Sql And Data Mining Discussion

Discussion continued from BagSetImpedanceMismatchDiscussion.

Any larger-scale endeavor is typically going recognize/form domain patterns over time such that for efficiency's sake, the organization packages low-level info into medium and high-level abstractions so that domain analysts are working with medium and high-level abstractions instead of low-level abstractions. I see no reason why this usual pattern wouldn't exist except in rare or unusual cases. (Sure, there will be some edge cases in most domains that require custom low-level fiddling, but not the majority of info.) Maybe in a new field the domain analysts are dealing with low-level info and wearing multiple hats (tech AND domain hats). But I don't expect that would last, for it's usually not economical. Patterns WILL emerge, and companies that don't mine those patterns for abstraction-based efficiency will probably dwindle or parish. Typical experienced domain analysts are not equipped to be byte diddlers. There may be rare exceptions, but I've yet to actually see one. Bring me an actual movie of this claimed unicorn. -t

Typical data scientists and BigData analysts are more than capable of using regexes. They're hardly "byte diddlers", but people who know how to extract information from more than just SQL. SQL is fine if you're building applications to store and retrieve business transactional data, but that's what SQL is limited to doing. Increasingly, nuts-n-bolts transaction processing is considered finished but for maintenance. It's no longer an area that facilitates business growth. Instead, it's an area for straightforward business maintenance. The growth is in areas like BigData. The future of custom business applications isn't in record keeping and shuttling reports around, but in creating applications that (for example) predict future sales by correlating buying activity with sentiment in customers' social media postings and current weather forecasts in order to optimise just-in-time purchasing of raw materials.
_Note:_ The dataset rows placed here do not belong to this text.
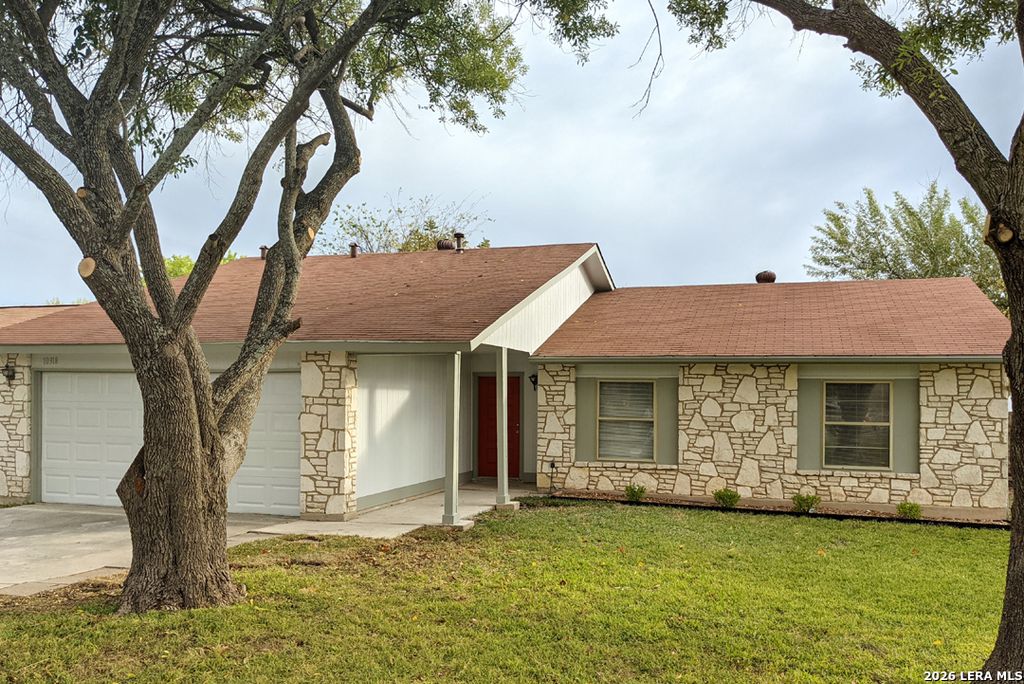 10318 CONE HILL DR, San Antonio, TX 78245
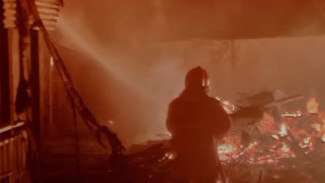 Kebakaran Bangunan di Dukuhwaluh, Petugas Damkar Banyumas Sigap Evakuasi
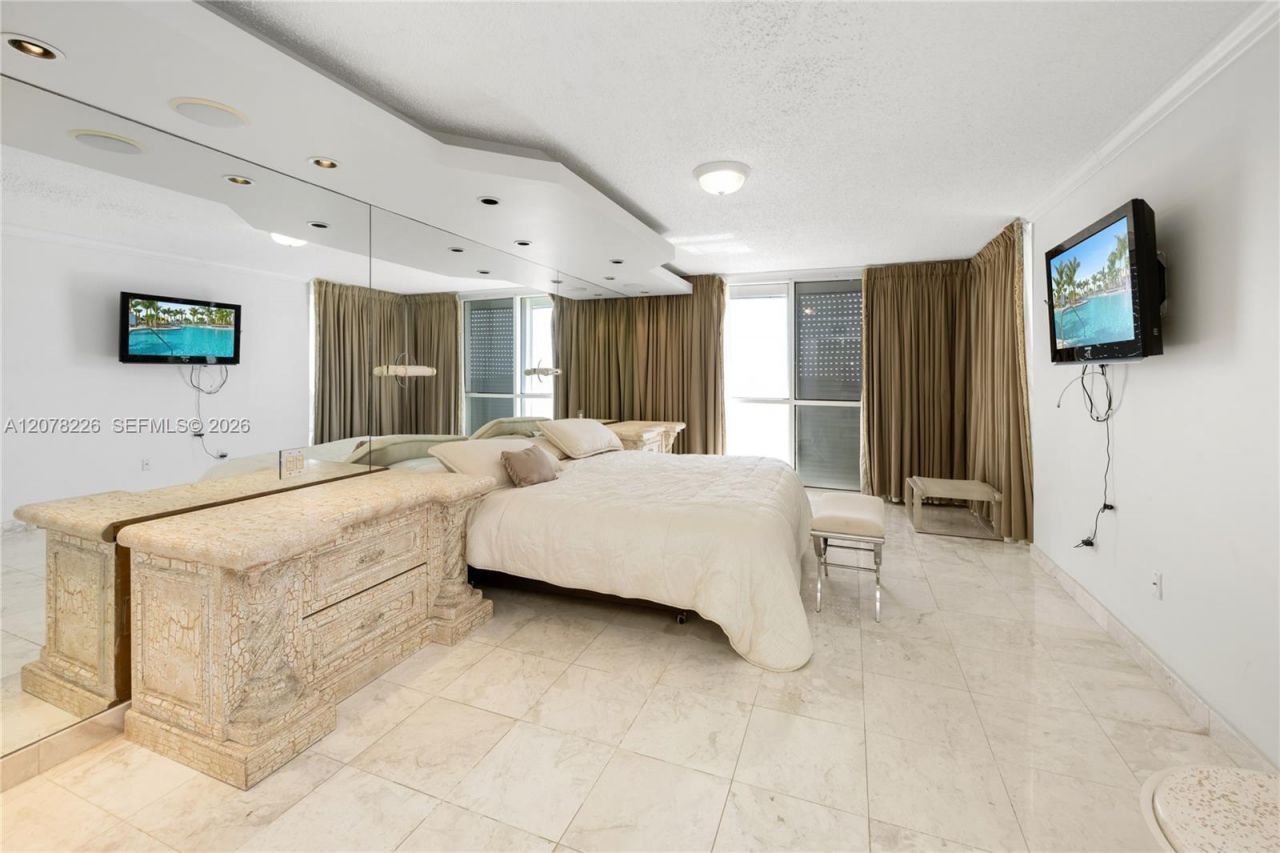 16711 Collins Ave, Unit 907, Sunny Isles Beach, FL 33160 Photo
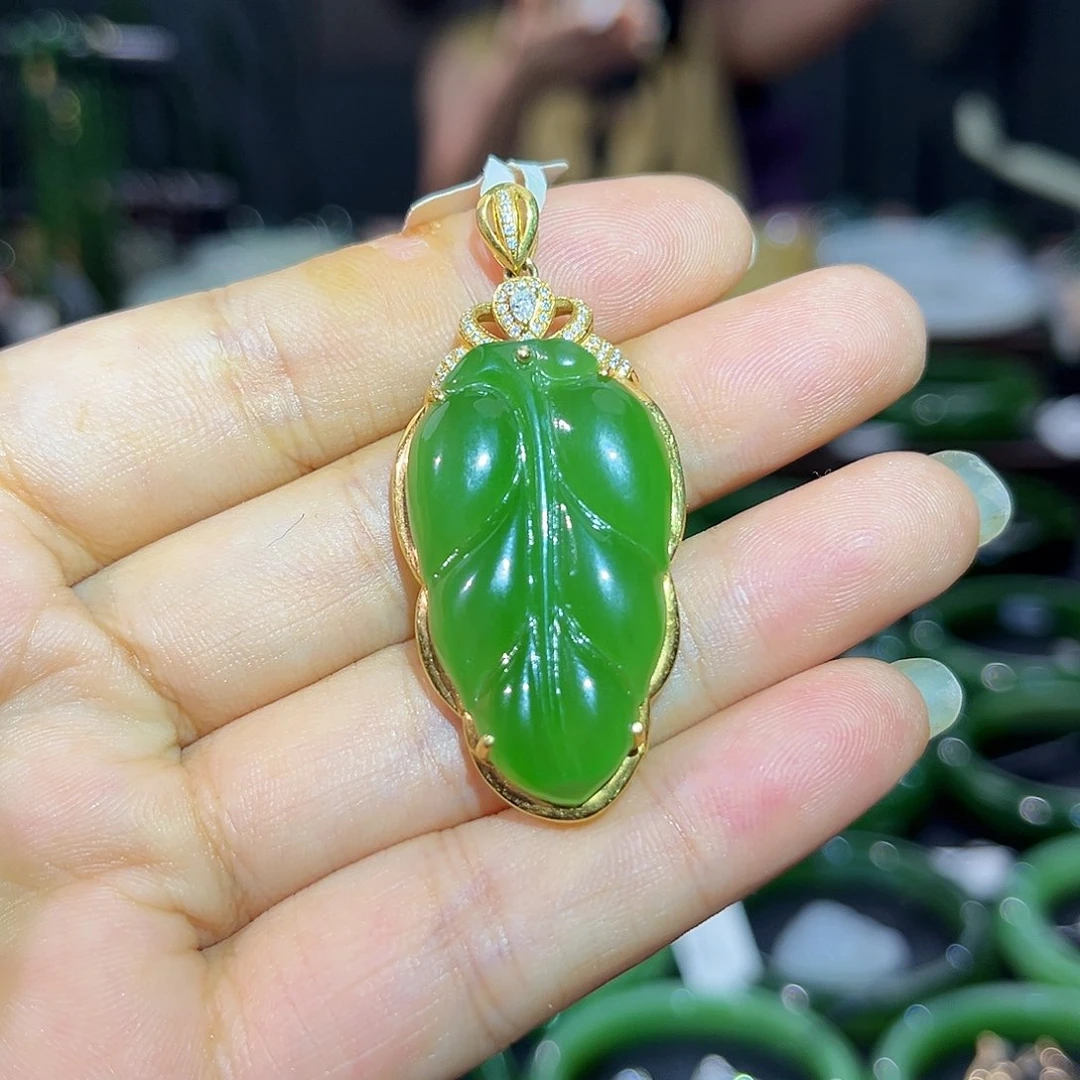 和田玉（碧玉）18K金镶嵌吊坠(不含链)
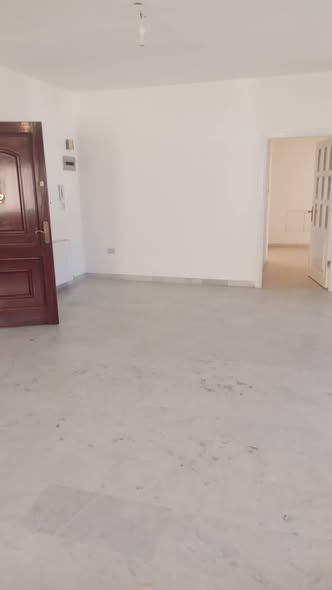 شقة فاخرة مجددة للإيجار في أم اذينة - 5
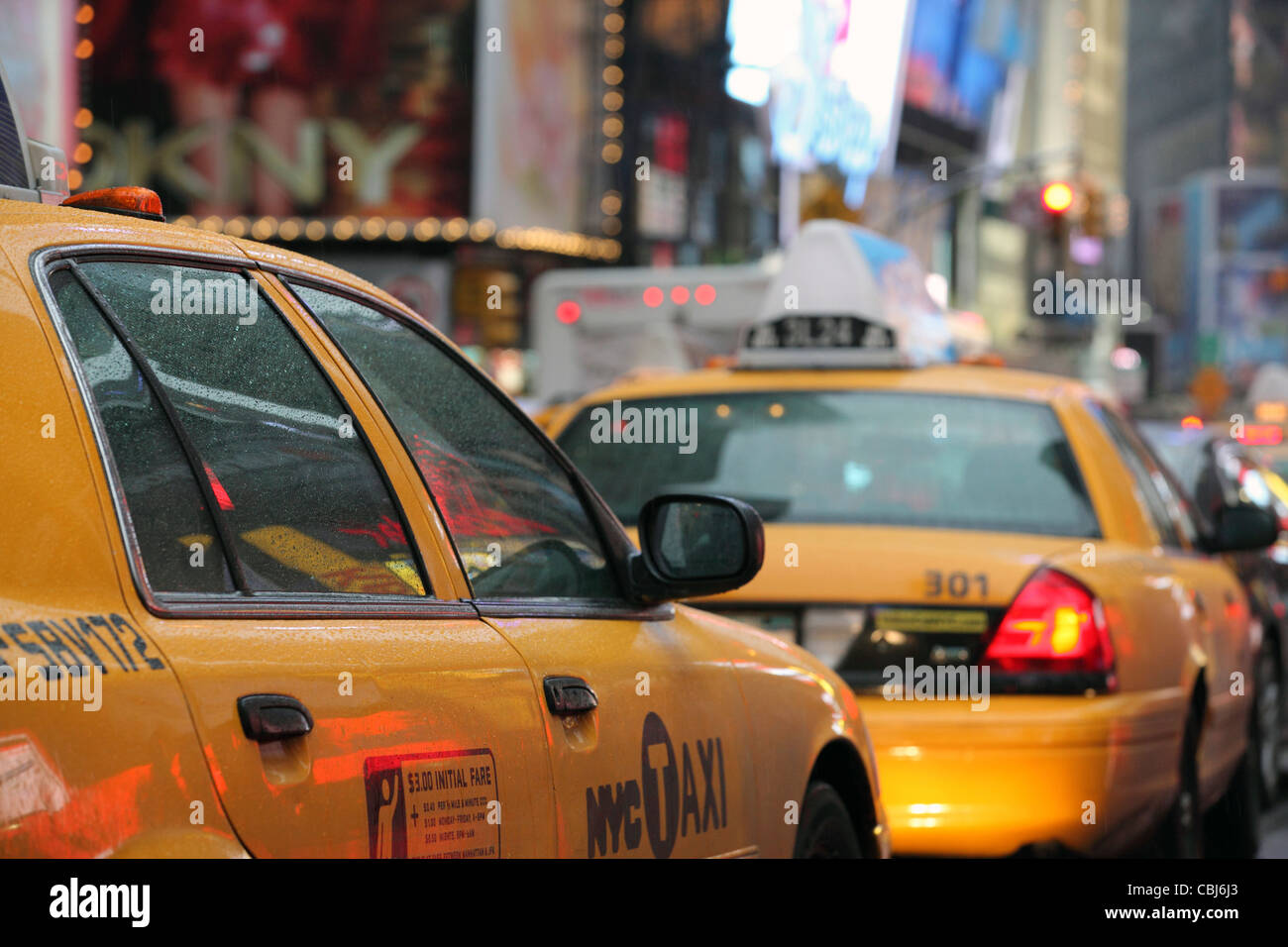 Giallo iconico New York City taxi, Broadway e Times Square NYC, STATI UNITI D'AMERICA Foto Stock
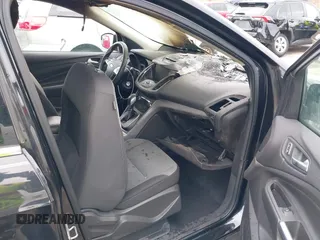 2014 Ford Escape SE with VIN 1FMCU0GXXEUA88622, listed as a IAAI auction lot 41727642 with 22,358 mi miles and . Bid and sale history available at DreamBid. Image 5.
Like I mentioned before, for new fields (such as BigData), the practitioners typically wear multiple hats and straddle across the low-level technical, mid-level technical, and domain sides. I have worked with multiple "statisticians", who typically had Bachelors or Masters degrees in math or statistics. They knew some basic programming, but probably not regex's. I'm sure they could learn with some time, but it was typically expected the IT staff would help them with things like non-trivial parsing. Patterns were gradually identified and databases created with predigested info so that they could directly use SQL, MS-Access, TOAD, or a similar to tool(s), with a general plan to put the most common requests behind a QueryByExample-like interface(s) and parametrized online reports. Patterns gradually emerged and info was "tamed", with a kind of division between techies, power-users, and end-users. -t

Changes, tool building, and specialized requests may still come through the techies, but power-users would work on the semi-routine stuff, and canned on-line reports and query front-ends were built for non-power users for routine requests. I have no reason to believe "big" data will be any different. Hardware and experience will catch up and query interfaces will be designed to be human-friendly instead of byte-diddly-level. And I've had similar experience with marketing analysts, and something akin to an email content "reader", per example in parent topic. I truly doubt there are no or too few patterns to be mined and factored behind friendlier interfaces/layouts/packaging ABOVE the byte-level. Perhaps YOU have not found them yet, but I'd Vegas-bet they will or can be found with time. -t

Granted, for JobSecurity reasons, some techies in some shops will try to hang onto control and silo their knowledge. But general market forces will push away from such for larger user bases and/or the longer term. Personally, I get board doing repetitious queries and WANT to hand off as much as possible to power-users and end-users by abstracting out the common patterns. -t

I think you must regard regexes as much more technical than I do, and I suppose that's reasonable if you work in an environment that's primarily focused on conventional SQL-driven business applications. People who do text analysis write regexes in their sleep, but might not be able to write a lick of imperative code or SQL.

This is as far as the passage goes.